Segundo Hirata, a possibilidade do indivíduo de reivindicar os seus direitos e questionar as falhas dos governantes e das instituições é parte essencial da democracia e, muitas vezes, ausente do cotidiano das favelas cariocas. “Quando você tem uma suposta democracia que falha a todo momento de cumprir o requisito mínimo, isso resulta em uma reação de envenenamento total das instituições. As pessoas precisam confiar no Estado para que ele funcione de forma adequada. Toda vez que há uma grave violação dos Direitos Humanos e isso não não tem consequência, a pessoa passa a desacreditar nas instituições e isso é muito ruim para o conjunto da democracia”, pontua.

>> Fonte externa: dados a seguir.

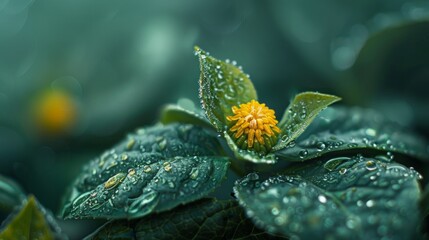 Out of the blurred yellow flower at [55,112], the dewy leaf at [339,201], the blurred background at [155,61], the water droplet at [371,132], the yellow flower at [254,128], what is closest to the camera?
A: the dewy leaf at [339,201]

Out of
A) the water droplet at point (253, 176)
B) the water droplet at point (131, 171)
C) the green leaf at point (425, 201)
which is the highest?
the water droplet at point (131, 171)

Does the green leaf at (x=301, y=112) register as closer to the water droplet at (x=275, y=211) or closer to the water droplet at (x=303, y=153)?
the water droplet at (x=303, y=153)

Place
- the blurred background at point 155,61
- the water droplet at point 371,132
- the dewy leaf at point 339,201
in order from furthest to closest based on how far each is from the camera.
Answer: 1. the blurred background at point 155,61
2. the water droplet at point 371,132
3. the dewy leaf at point 339,201

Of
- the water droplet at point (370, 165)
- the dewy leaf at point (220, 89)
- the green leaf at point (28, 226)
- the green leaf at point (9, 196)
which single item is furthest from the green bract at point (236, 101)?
the green leaf at point (9, 196)

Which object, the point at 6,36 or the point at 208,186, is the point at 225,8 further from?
the point at 208,186

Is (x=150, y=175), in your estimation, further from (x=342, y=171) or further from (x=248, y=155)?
(x=342, y=171)

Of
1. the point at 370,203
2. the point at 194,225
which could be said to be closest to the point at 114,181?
the point at 194,225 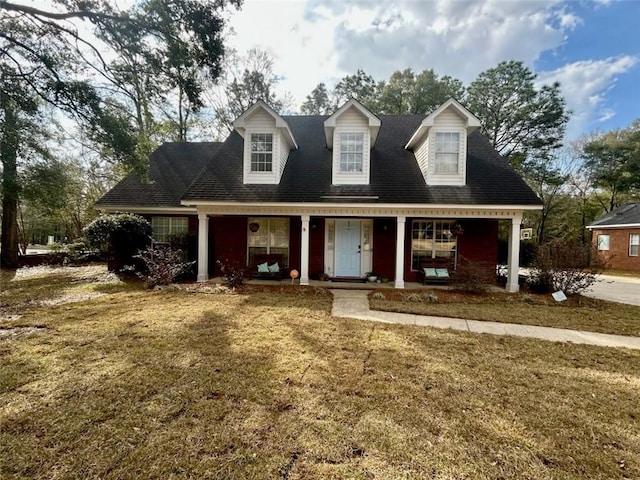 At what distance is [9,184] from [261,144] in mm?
9372

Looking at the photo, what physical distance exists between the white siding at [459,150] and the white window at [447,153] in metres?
0.11

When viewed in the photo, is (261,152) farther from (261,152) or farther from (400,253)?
(400,253)

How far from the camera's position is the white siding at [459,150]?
9656 millimetres

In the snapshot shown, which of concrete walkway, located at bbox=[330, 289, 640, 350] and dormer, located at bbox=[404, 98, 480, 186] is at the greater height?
dormer, located at bbox=[404, 98, 480, 186]

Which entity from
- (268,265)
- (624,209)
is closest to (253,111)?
(268,265)

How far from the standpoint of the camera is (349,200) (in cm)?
924

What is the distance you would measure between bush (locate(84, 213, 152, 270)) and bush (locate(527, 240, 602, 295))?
46.2ft

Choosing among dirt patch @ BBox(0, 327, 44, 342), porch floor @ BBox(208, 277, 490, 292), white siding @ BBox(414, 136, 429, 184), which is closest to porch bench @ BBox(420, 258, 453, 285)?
porch floor @ BBox(208, 277, 490, 292)

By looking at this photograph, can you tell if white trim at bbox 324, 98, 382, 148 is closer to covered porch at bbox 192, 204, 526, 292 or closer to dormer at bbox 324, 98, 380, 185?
dormer at bbox 324, 98, 380, 185

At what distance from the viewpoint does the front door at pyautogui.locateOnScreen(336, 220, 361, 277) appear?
424 inches

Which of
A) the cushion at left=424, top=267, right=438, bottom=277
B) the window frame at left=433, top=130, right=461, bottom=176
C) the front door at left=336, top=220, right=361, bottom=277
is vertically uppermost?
the window frame at left=433, top=130, right=461, bottom=176

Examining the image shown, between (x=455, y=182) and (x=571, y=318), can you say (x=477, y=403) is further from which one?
(x=455, y=182)

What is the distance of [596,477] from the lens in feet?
7.01

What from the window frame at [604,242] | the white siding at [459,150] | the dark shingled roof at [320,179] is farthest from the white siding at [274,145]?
the window frame at [604,242] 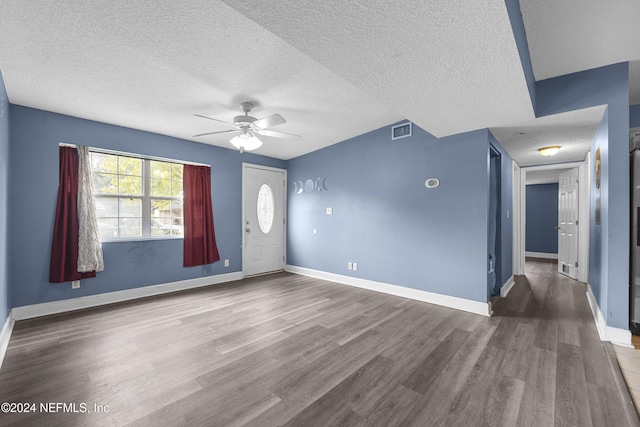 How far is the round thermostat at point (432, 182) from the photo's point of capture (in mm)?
3744

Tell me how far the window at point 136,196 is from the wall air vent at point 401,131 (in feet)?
11.7

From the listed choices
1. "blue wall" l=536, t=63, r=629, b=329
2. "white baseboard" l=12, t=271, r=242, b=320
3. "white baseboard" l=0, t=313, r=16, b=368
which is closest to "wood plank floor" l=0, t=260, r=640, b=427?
"white baseboard" l=0, t=313, r=16, b=368

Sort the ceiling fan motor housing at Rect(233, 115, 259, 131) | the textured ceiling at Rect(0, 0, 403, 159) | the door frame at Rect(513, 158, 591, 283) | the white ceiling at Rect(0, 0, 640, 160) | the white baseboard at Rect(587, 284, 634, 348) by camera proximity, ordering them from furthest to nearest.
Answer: the door frame at Rect(513, 158, 591, 283), the ceiling fan motor housing at Rect(233, 115, 259, 131), the white baseboard at Rect(587, 284, 634, 348), the textured ceiling at Rect(0, 0, 403, 159), the white ceiling at Rect(0, 0, 640, 160)

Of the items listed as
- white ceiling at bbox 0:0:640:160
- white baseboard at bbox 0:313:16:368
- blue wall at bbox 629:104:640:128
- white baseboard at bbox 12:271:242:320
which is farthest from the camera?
blue wall at bbox 629:104:640:128

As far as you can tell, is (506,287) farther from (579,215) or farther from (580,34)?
(580,34)

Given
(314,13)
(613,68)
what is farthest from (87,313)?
(613,68)

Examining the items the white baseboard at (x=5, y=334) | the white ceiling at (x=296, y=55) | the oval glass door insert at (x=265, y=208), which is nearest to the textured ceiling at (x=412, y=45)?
the white ceiling at (x=296, y=55)

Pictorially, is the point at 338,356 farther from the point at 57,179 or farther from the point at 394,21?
the point at 57,179

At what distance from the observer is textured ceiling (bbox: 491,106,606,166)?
291 centimetres

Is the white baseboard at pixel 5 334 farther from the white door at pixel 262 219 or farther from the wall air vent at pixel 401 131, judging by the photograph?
the wall air vent at pixel 401 131

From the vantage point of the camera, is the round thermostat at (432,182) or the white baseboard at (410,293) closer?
the white baseboard at (410,293)

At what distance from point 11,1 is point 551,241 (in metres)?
10.3

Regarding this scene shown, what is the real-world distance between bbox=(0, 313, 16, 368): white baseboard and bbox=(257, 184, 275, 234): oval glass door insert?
350 cm

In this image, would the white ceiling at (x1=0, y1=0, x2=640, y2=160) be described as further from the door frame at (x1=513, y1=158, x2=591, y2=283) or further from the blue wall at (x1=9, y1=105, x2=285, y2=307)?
the door frame at (x1=513, y1=158, x2=591, y2=283) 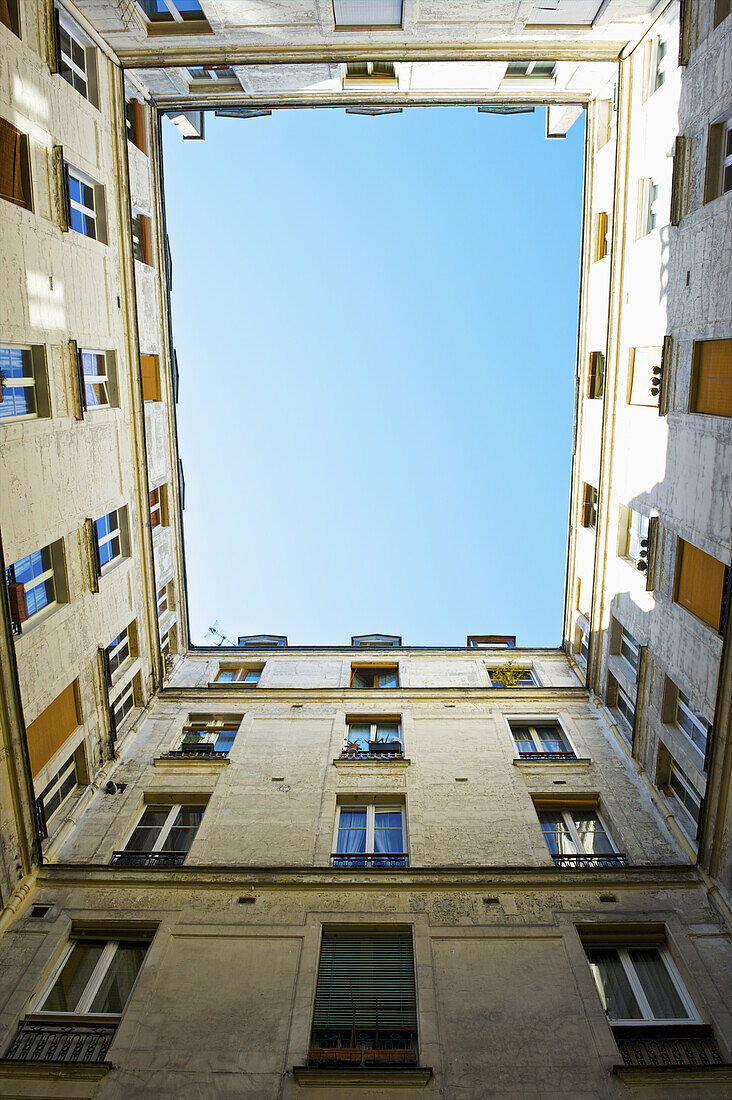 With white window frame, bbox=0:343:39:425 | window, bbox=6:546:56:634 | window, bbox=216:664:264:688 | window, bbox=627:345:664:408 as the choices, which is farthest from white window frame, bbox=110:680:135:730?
window, bbox=627:345:664:408

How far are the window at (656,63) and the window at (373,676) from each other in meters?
16.3

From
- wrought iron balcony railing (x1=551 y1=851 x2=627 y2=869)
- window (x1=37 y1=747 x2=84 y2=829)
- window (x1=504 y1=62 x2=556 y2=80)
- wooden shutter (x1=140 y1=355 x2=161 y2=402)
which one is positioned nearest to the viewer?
wrought iron balcony railing (x1=551 y1=851 x2=627 y2=869)

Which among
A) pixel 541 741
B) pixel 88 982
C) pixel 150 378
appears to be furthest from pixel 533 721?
pixel 150 378

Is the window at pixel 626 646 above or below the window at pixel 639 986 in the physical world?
above

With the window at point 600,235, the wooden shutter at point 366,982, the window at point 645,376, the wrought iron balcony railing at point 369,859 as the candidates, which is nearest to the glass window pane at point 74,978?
the wooden shutter at point 366,982

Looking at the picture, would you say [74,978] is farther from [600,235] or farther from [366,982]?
[600,235]

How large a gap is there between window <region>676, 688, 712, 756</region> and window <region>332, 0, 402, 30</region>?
55.9 feet

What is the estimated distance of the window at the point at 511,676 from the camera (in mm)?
19328

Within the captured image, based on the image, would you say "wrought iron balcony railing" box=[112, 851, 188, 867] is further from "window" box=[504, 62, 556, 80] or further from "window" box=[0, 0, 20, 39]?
"window" box=[504, 62, 556, 80]

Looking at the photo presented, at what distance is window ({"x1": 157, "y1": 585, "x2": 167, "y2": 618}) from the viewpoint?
785 inches

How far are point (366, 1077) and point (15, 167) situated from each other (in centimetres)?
1504

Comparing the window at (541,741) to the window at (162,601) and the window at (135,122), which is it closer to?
the window at (162,601)

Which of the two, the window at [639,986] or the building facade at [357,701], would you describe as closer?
the building facade at [357,701]

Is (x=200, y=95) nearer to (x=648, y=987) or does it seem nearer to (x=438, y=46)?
(x=438, y=46) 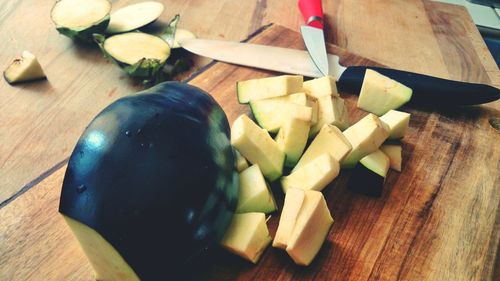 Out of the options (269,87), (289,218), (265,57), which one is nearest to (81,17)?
(265,57)

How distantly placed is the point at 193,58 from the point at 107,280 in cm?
98

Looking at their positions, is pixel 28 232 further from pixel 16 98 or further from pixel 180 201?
pixel 16 98

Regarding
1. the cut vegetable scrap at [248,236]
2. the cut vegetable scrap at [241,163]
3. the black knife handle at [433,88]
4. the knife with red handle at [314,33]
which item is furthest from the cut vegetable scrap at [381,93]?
the cut vegetable scrap at [248,236]

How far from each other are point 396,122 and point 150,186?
0.75 meters

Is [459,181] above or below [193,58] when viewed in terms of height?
below

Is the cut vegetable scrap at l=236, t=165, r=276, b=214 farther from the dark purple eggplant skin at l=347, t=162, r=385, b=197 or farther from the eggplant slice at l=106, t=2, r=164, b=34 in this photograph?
the eggplant slice at l=106, t=2, r=164, b=34

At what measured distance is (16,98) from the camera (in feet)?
4.71

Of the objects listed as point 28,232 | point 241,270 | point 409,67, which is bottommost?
point 409,67

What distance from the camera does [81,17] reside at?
162 cm

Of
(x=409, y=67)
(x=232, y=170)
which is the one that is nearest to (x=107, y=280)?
(x=232, y=170)

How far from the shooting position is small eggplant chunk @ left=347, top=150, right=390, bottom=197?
1.08 m

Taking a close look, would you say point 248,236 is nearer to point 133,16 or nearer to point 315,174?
point 315,174

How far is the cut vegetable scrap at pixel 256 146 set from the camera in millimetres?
1034

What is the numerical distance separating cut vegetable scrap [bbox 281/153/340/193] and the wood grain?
2.36 ft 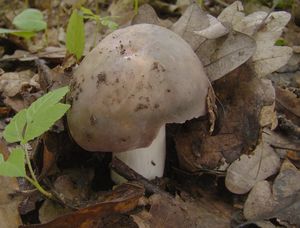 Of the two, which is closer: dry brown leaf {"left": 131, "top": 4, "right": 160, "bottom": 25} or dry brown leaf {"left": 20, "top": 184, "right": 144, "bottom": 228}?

Essa falta de confiança nas instituições, com o passar dos anos, se torna um problema cada vez mais difícil de resolver. “A política do medo é a característica fundamental do autoritarismo. Ela é lubrificante nas engrenagens da militarização e o medo não é um bom conselheiro, sobretudo na área de segurança pública”, pondera Daniel, que arremata:

“É um grande problema, por exemplo, comparar abusos policiais com abusos de grupos civis armados. Os policiais dizem que o tráfico de drogas age violentamente e, por isso, eles também agem assim. Porque o contexto do Rio é violento e os grupos armados matam policiais, barbarizam, enfim. Mas esse tipo de comparação estabelece um tipo de equivalência entre grupos armados e forças policiais. É muito problemático, pois dos grupos armados a gente não pode esperar nada, mas aqueles que representam o Estado, a Justiça, têm que cumprir a lei”.